4.3 Ten aanzien van klachtonderdeel a overweegt de Kamer dat uit de overgelegde producties blijkt dat de gerechtsdeurwaarder de brieven van 27 september 2013,

29 oktober 2013 en 3 december 2013 naar het door klager opgegeven adres heeft verzonden. Gelet daarop was er voor de gerechtsdeurwaarder geen aanleiding om aan te nemen dat zijn brieven niet werden ontvangen. Klager heeft evenmin aannemelijk gemaakt dat de brieven niet door hem zijn ontvangen. De Kamer houdt het er dan ook voor dat de gerechtsdeurwaarder de genoemde brieven aan klager heeft verzonden. Van tuchtrechtelijk laakbaar handelen is niet gebleken.

4.4 Ten aanzien van klachtonderdeel b overweegt de voorzitter dat op een gerechtsdeurwaarder geen wettelijke verplichting rust om stukken aangetekend te verzenden. De klacht stuit hierop af.

4.5 Ten aanzien van klachtonderdeel c en d erkent de gerechtsdeurwaarder dat hij niet heeft gereageerd op de brieven van klager van 30 december 2015 en 11 april 2016. De gerechtsdeurwaarder stelt zich in zijn verweerschrift (als ook ter zitting) op het standpunt dat hij reeds meermalen op de standpunten van klager heeft gereageerd en dat hij om die reden geen aanleiding heeft gezien om nogmaals op brieven van klager te reageren. De gerechtsdeurwaarder heeft echter over het hoofd gezien dat klager in de brief van 30 december 2015 een beroep heeft gedaan op de interne klachtenprocedure, welke brief klager bij brief van 11 april 2016 in herinnering heeft gebracht.

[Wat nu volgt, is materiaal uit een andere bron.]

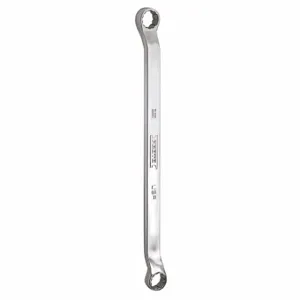 PROTO J1016A Double Box Wrench, Alloy Steel, Chrome, 1/2 In-9/16 Inch Head Size, 8 3/4 Inch Overall Lg | CT8EGU 483J67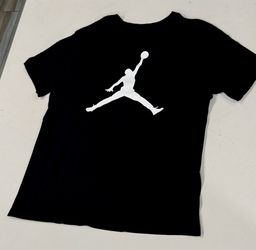 Air Jordan Black Jumpman Tee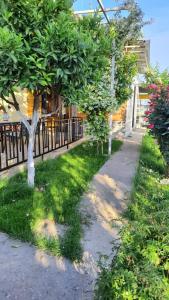 Room with private garden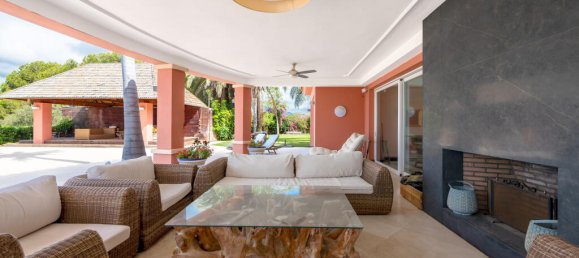 8 chambres Villa à Estepona, Spain No. 55349 16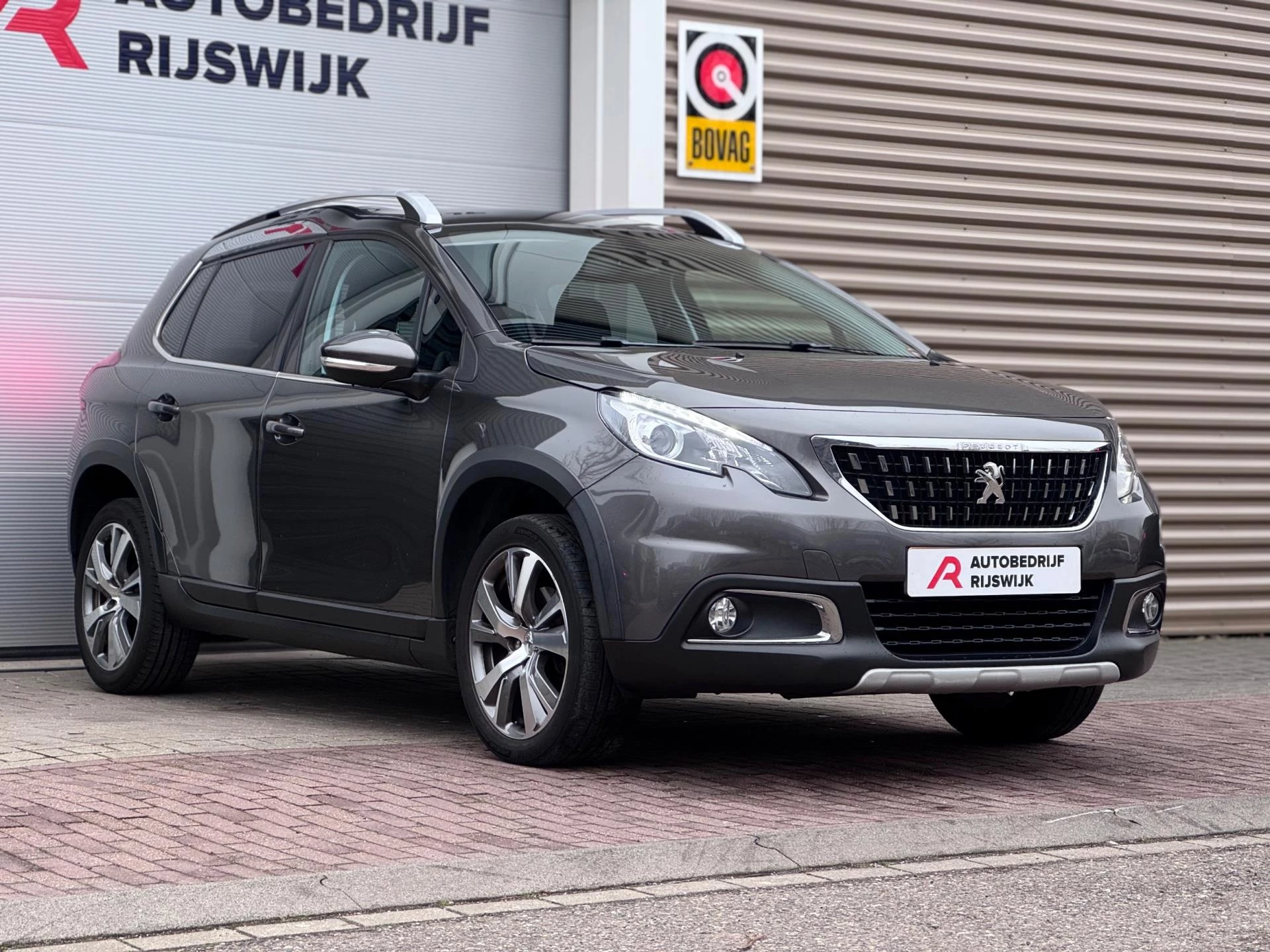 Hoofdafbeelding Peugeot 2008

4.6 Van een gerechtsdeurwaarder mag worden verwacht dat hij brieven met betrekking tot een bij hem in behandeling zijnde en/of geweest zijnde incasso of executie binnen een redelijke termijn beantwoordt. Nu beantwoording van de brieven in zijn geheel is uitgebleven – wat de inhoud van deze brieven ook zou mogen zijn – is klachtonderdeel c van de klacht terecht voorgesteld.

4.7 De Kamer zal gelet op het hiervoor overwogene klachtonderdeel c gegrond verklaren. De Kamer is op grond van het vorenstaande van oordeel dat oplegging van na te melden tuchtrechtelijke maatregel in dit geval passend en geboden is.

BESLISSING

De Kamer voor Gerechtsdeurwaarders:

-        verklaart klachtonderdeel c gegrond;

-        verklaart de overige klachtonderdelen ongegrond;

-        legt de gerechtsdeurwaarder voor het gegronde deel de maatregel van berisping op.

Aldus gegeven door mr. M. Nijenhuis, plaatsvervangend-voorzitter, en mr. L. van Berkum en M.W. de Ruijter, leden en uitgesproken ter openbare terechtzitting van 23 januari 2018, in tegenwoordigheid van de secretaris.

Tegen deze beslissing kan binnen dertig dagen na dagtekening van verzending van het afschrift van de beslissing, hoger beroep worden ingesteld bij het gerechtshof Amsterdam, Postbus 1312, 1000 BH Amsterdam.